### WHAT IS REQUIRED
Write out exactly every line from the one containing "Quinlan & Cooke" through the final line of the material below, both included. Pictures are to be skipped.

### COLLECTED DATA
== Segment start ==

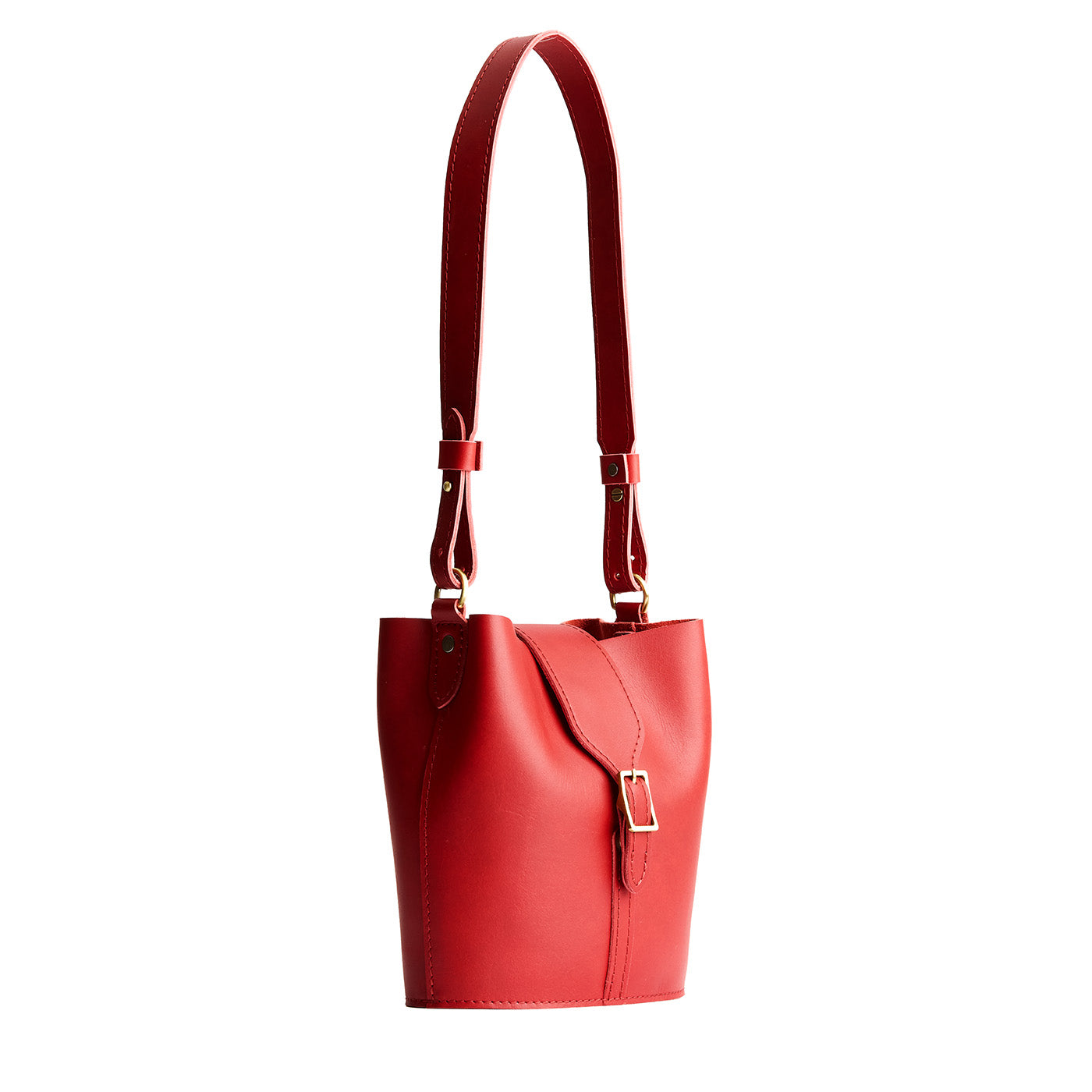 Ruby | Leather bucket shoulder bag with adjustable strap and magnetic closure on a white background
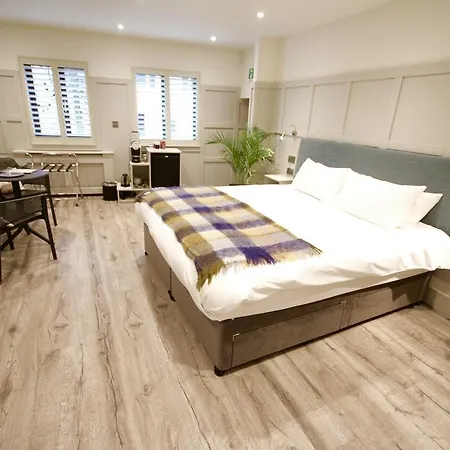 Quinlan & Cooke Boutique Townhouse And Qcs Seafood Restaurant Hotell 4*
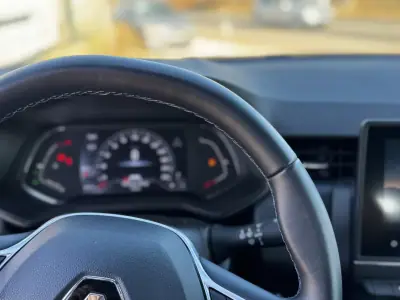 Renault Clio 2021 - 16400 EUR, 88000 km - AUTO.MOTO.pt - 88000km - foto 14 de 20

== Segment end ==

### EXERCISE ANSWER
 Quinlan & Cooke Boutique Townhouse And Qcs Seafood Restaurant Hotell 4*
 Renault Clio 2021 - 16400 EUR, 88000 km - AUTO.MOTO.pt - 88000km - foto 14 de 20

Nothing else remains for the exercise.